I consider myself well-versed in Interactive Fiction (IF) but there are still plenty of things learned:
- Adventure's original Fortran code was ported to C by DEC employee Bob Supnik
- Infocom's Deadline packaging was inpired by the 1936 book "Murder off Miami"
- Activision once tried to sell the rights to Infocom for $25,000 but had no takers
- Spellbreaker was originally to be called Mage, but marketing overruled
- Chris Crawford is a condescending windbag (Ok, I knew that already)
- Infocom tester and Borland exec Paul Gross once had hair (proof below!)

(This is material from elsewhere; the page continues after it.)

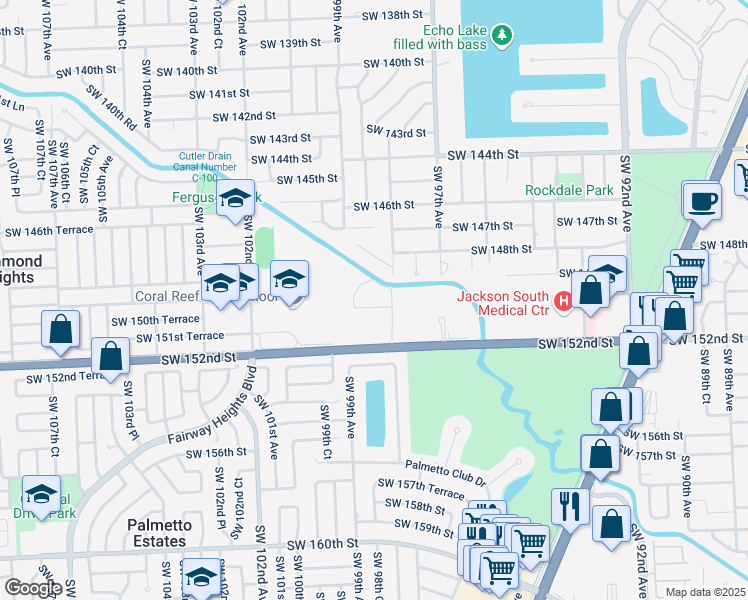 map of restaurants, bars, coffee shops, grocery stores, and more near 9869 Southwest 152nd Street in Miami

The film comes in a regular version (90 minutes) as well as an "interactive" version that lets you make decisions about which sections to view. There are also two supplemental shorter movies, one detailed film on the history of Infocom and one on the Bedquilt cave which was the inspiration for the original "Colossal Cave" adventure written by Will Crowther. Unfortunately, Crowther declined to be interviewed, but Don Woods, who went on to add additional sections to the game, is featured. There are also 40 or so short snippets on the second disk providing additional commentary on topics like beta testing, bug fixing, programming, the development of InvisiClues, origins of Grues and more.
Scott manages to interview some of the most famous folks from both the golden era of Interactive Fiction (Stu Galley, Steve Meretzky, Dave Lebling, Mike Berlyn, Hollywood Dave Anderson, Amy Briggs, Scott Adams, Bob Bates, Mike Dornbrook, Mary Anne Buckles) as well as modern authors (Adam Cadre, Andrew Plotkin, Nick Montfort, Aaron Reed, David Cornelson, Jeremy Douglass).
The one area that I felt the film fell short was in not interviewing Graham Nelson, creator of the Inform programming language. Perhaps Nelson is as much of a recluse as Crowther, but it would have been good to have had some presentation of the impact of Inform on the development of modern Interactive Fiction.
If you are at all interested in Interactive Fiction and its history, you should order Get Lamp. I mean, where else are you gonna find videos of Marc Blank talking about Deadline, Steve Meretzky's inspiration behind A Mind Forever Voyaging or Stu Galley talking about Witness? Plus you get a cool commemorative coin.